‘Son of Sam’ David Berkowitz Speaks to the Daily News, Decries Violence as ‘Senseless’ and Prays for His Victims in Notorious 19
He is one of New York’s most notorious serial killers.
He shot 13 people in cold blood, killing six.
Yet 35 years to the day his reign of terror ended, David Berkowitz, the Son of Sam, speaks gently from his jail cell with the words: society needs to take the “glory out of guns.”
“It’s all senseless,” he said from the maximum security Sullivan County Correctional Facility in upstate New York, where he is serving six consecutive 25 years-to-life sentences.
The “.44 Caliber Killer” lamented the recent spate of shootings that have claimed such innocents as a young boy in the Bronx, moviegoers in Aurora, Colo., and worshipers at a Sikh temple in Wisconsin.
“Society has to take the glory out of guns.

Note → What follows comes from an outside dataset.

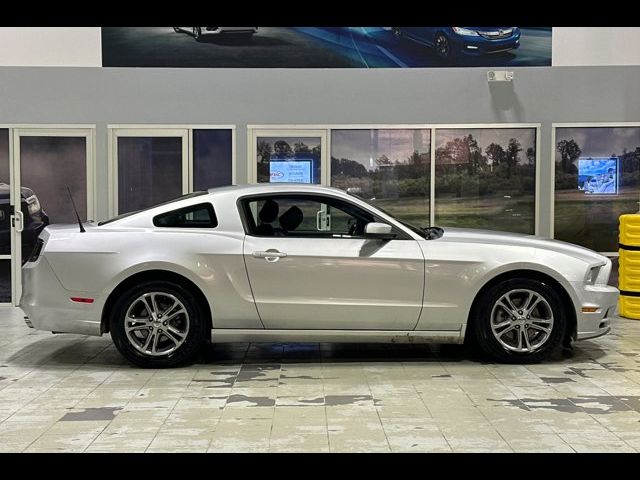 2014 Ford Mustang V6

Young people have no business carrying a gun. I would love to speak bluntly to those gangbanging teens and wanna-bes and tell them prison is nothing like what you think. If you’re packing a gun, you’re making a big mistake, and you’ll regret it.”
Police arrested Berkowitz outside his Yonkers home on Aug. 10, 1977, ending a 13-month shooting spree. Since then, Berkowitz appears to have gone through a personal and spiritual transformation, and developed an all-consuming passion to discourage youth from lives of crime.
“I’m looking beyond gun control. That’s for the legislators to wrangle with,” he said. “My hope is just that young people would understand just how terrible this violence is. When they use a gun against someone else, they ruin their lives too,” he said. “It’s not worth it.”